It is gathered from the documents emanating from the Office of Dr. Lim that the employee was seen by him from July 24, 2000 up to February 20, 2001 or a total of 13 times; and except for the medical reports dated February 5, 2001 and February 20, 2001 (when the doctor finally pronounced petitioner fit to work), Dr. Lim consistently recommended that the employee continue his physical rehabilitation/therapy and revisit clinic on specific dates for re-evaluation, thereby implying that the employee was not yet fit to work.

Given a seafarer’s entitlement to permanent disability benefits when he is unable to work for more than 120 days, the failure of the company-designated physician to pronounce the employee fit to work within the 120-day period entitles him to permanent total disability benefit in the amount of US$60,000.00. Leopoldo Abante vs. KJGS Fleet Management Manila and/or Guy Domingo A. Macapayag, Kristian Gerhard Jebsens Skipsrenderi A/S, G.R. No. 182430, December 4, 2009.

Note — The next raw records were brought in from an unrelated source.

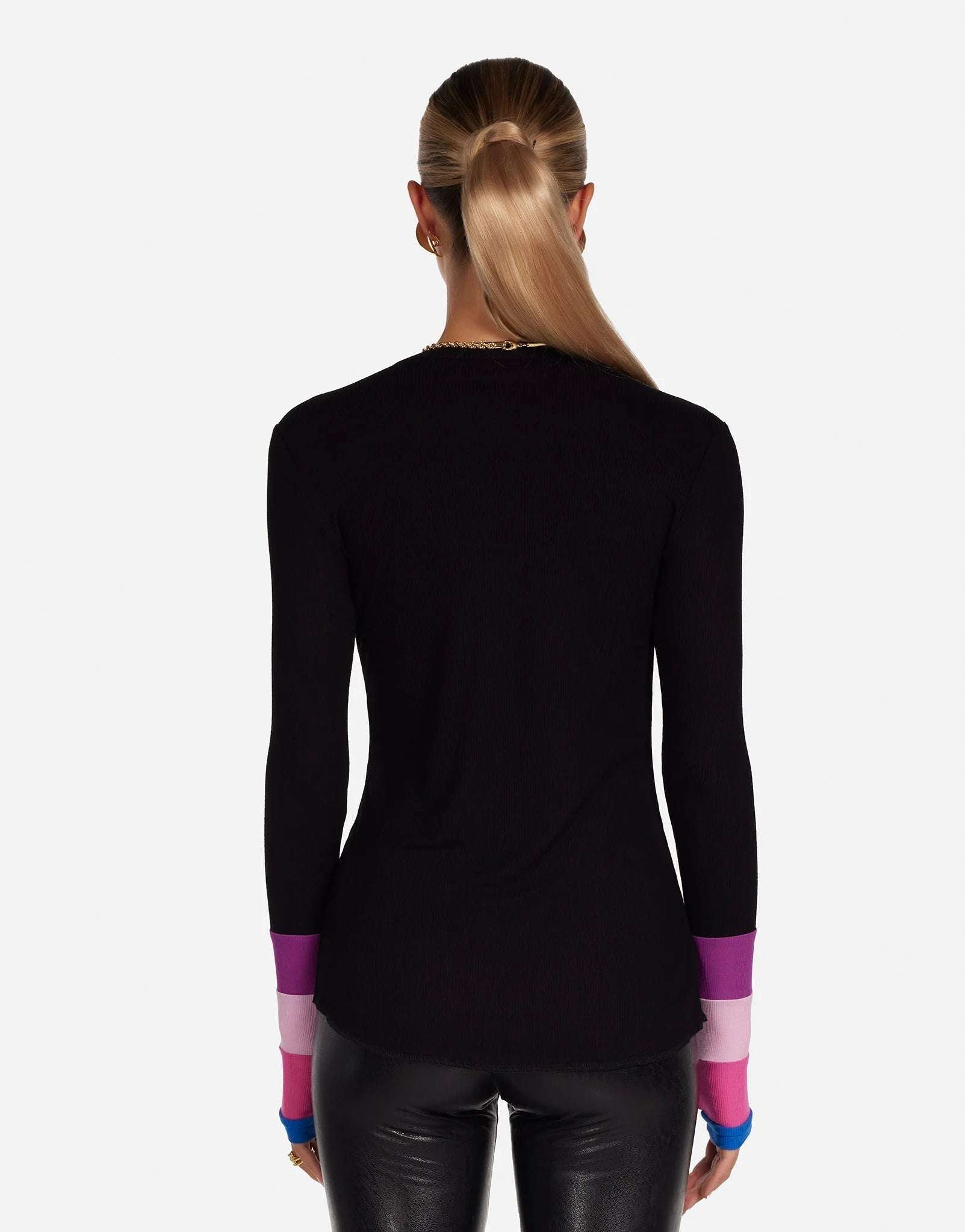 Shop Lauren Moshi Lauren Moshi Shyla Pink Ombre Lip Top Long Sleeved Top for women – premium loungewear and festival fashion at Spoiled Brat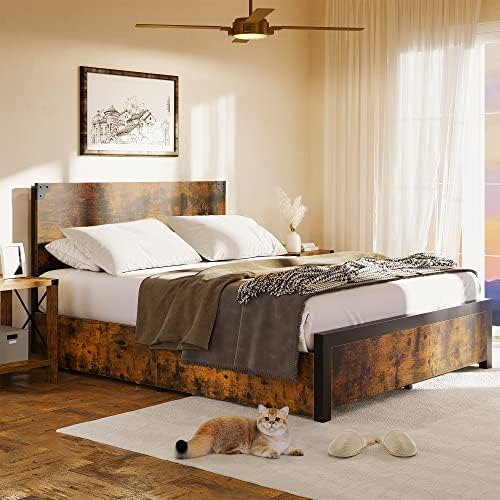 GAOMON Queen Size Bed Frame with 4 Drawers, Queen Bed Frame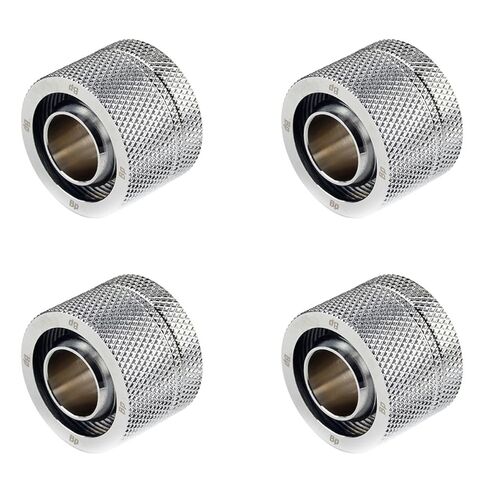 Bitspower G1/4" إلى 1/2" ID، OD 3/4" OD ضغط مناسب للأنابيب الناعمة، CC5 ​​Ultimate، فضي لامع، 4 عبوات in Kuwait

Existence of employer-employee relationship. The elements to determine the existence of an employment relationship are: (1) the selection and engagement of the employee; (2) the payment of wages; (3) the power of dismissal; and (4) the employer’s power to control the employee’s conduct. The most important element is the employer’s control of the employee’s conduct, not only as to the result of the work to be done, but also as to the means and methods to accomplish it. All the four elements are present in this case.

First, the company engaged the services of the worker in 1995. Second, the company paid the worker a daily wage of P175.00, with allowances ranging from P140.00 to P200.00 per day.  The fact that the worker was paid under a “no work no pay” scheme, assuming this claim to be true, is not significant. The “no work no pay” scheme is merely a method of computing compensation, not a basis for determining the existence or absence of employer-employee relationship. Third, the company’s power to dismiss the worker was inherent in the fact that it engaged the services of the worker as a driver. Finally, a careful review of the record shows that the worker performed his work as driver under the petitioners’ supervision and control. The company determined how, where, and when the worker performed his task. They, in fact, requested the worker to live inside their compound so he (the worker) could be readily available when the company needed his services. Undoubtedly, the company exercised control over the means and methods by which the worker accomplished his work as a driver. CRC Agricultural Trading and Rolando B. Catindig vs. National Labor Relations Commission and Roberto Obias, G.R. No. 177664, December 23, 2009.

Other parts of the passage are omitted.